PROBLEM DESCRIPTION
Transcribe the records exactly. Pictures do not belong in the transcription.
** MATERIAL TO PROCESS follows **
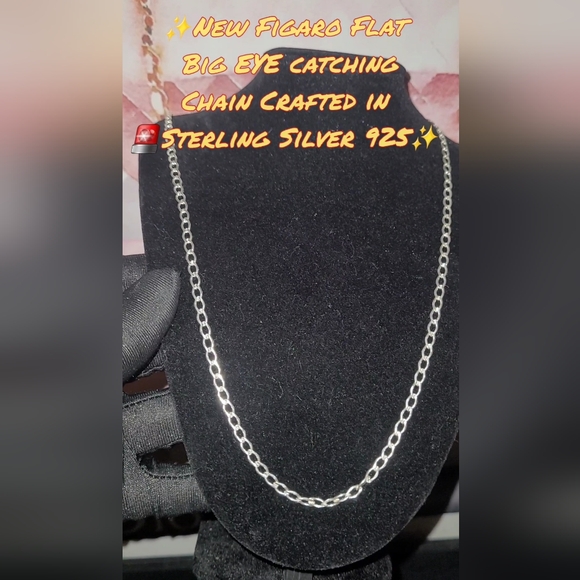 NEW STERLING SILVER FIGARO FlAT BIG EYE CATCHING CHAIN✨️UNISEX🔥 - Picture 6 of 6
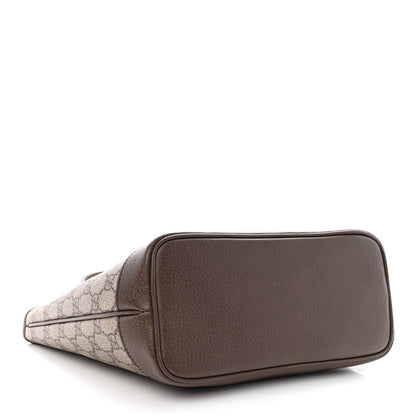 Gucci GG Supreme Monogram Textured Dollar Calfskin Web Small Ophidia Tote Beige Ebony New Acero 4 of 11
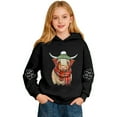 thumbnail image 3 of Kids Hoodie Unisex Casual Cute Sweatshirts Highland Cattle Print Long Sleeve Fall Pullover, 3 of 8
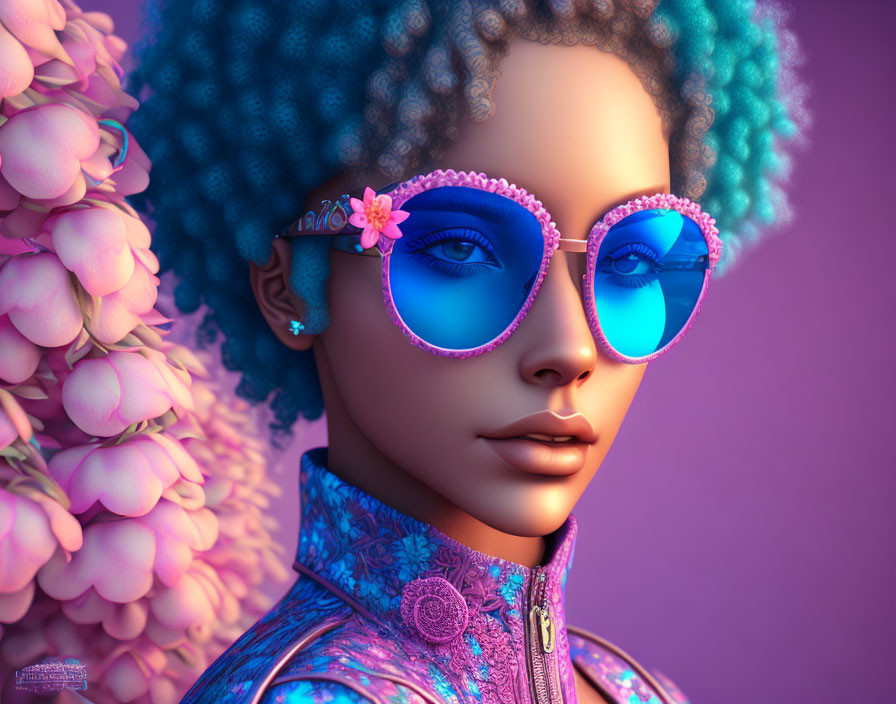 3D-rendered woman with blue curly hair and sunglasses in purple jacket among pink flowers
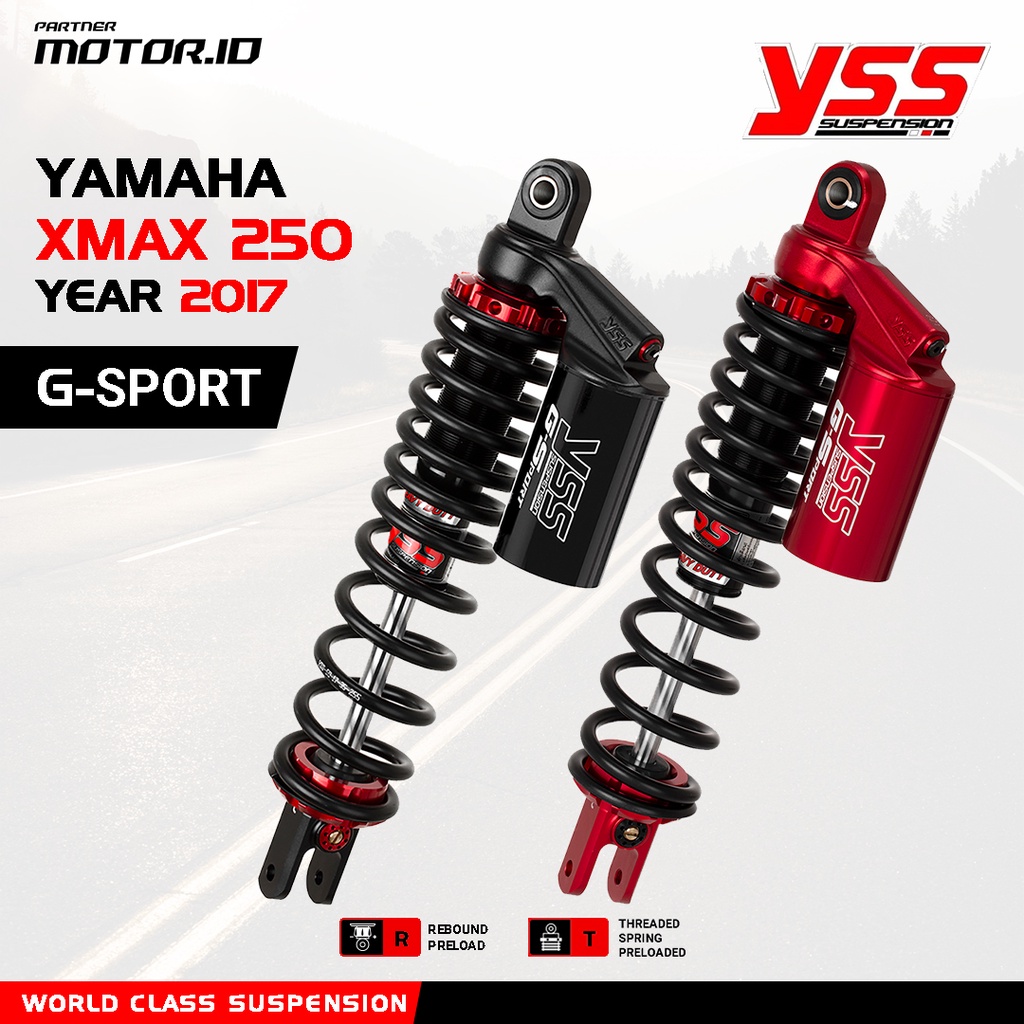 SHOCK BELAKANG YAMAHA XMAX 250 YSS G-SPORT BLACK RED SERIES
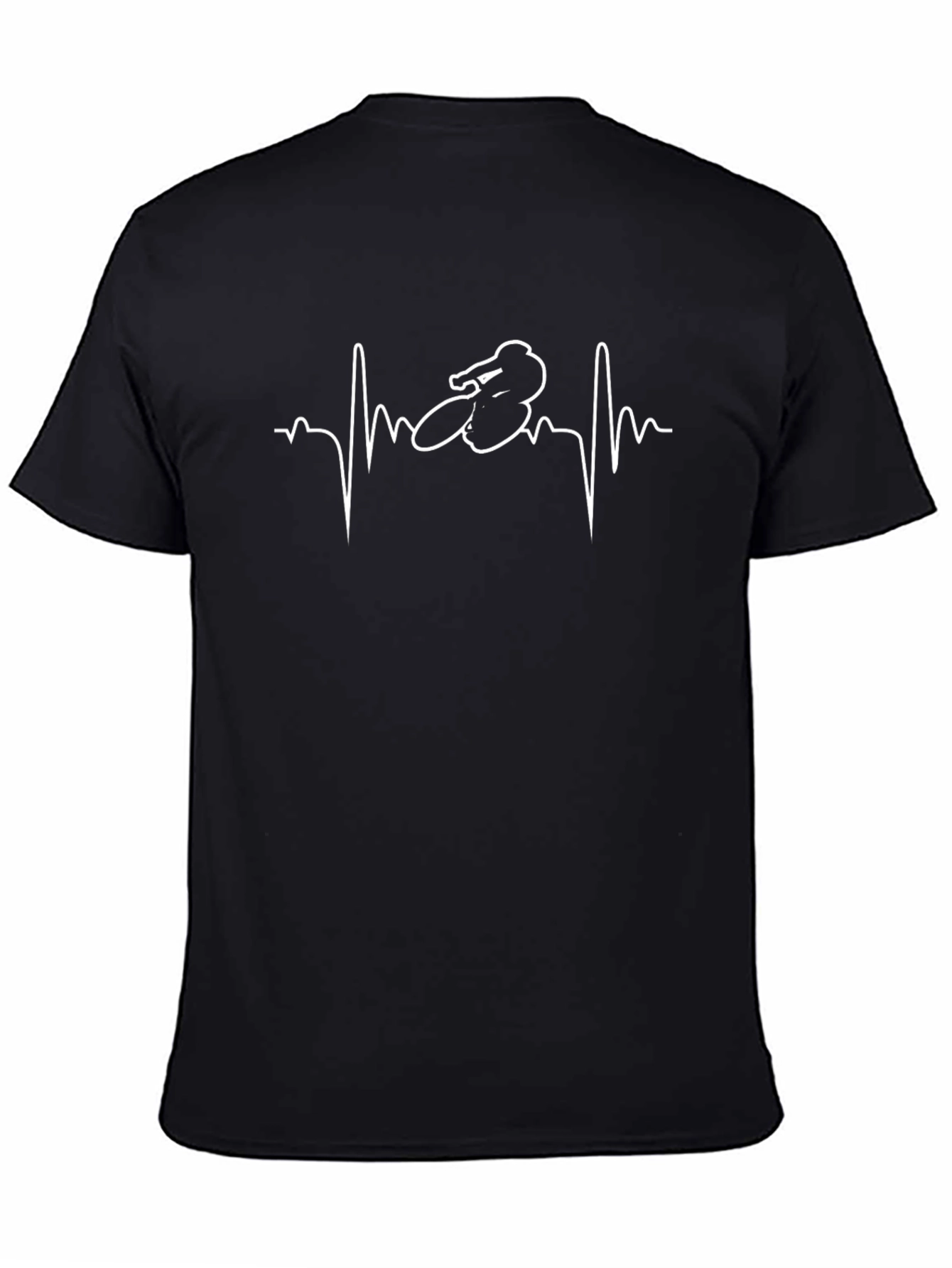 Cycling Heartbeat T-Shirt - Black Graphic Tee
** End of MATERIAL TO PROCESS **
OUTPUT OF THE EXERCISE
 NEW STERLING SILVER FIGARO FlAT BIG EYE CATCHING CHAIN✨️UNISEX🔥 - Picture 6 of 6
 Gucci GG Supreme Monogram Textured Dollar Calfskin Web Small Ophidia Tote Beige Ebony New Acero 4 of 11
 thumbnail image 3 of Kids Hoodie Unisex Casual Cute Sweatshirts Highland Cattle Print Long Sleeve Fall Pullover, 3 of 8
 3D-rendered woman with blue curly hair and sunglasses in purple jacket among pink flowers
 SHOCK BELAKANG YAMAHA XMAX 250 YSS G-SPORT BLACK RED SERIES
 Cycling Heartbeat T-Shirt - Black Graphic Tee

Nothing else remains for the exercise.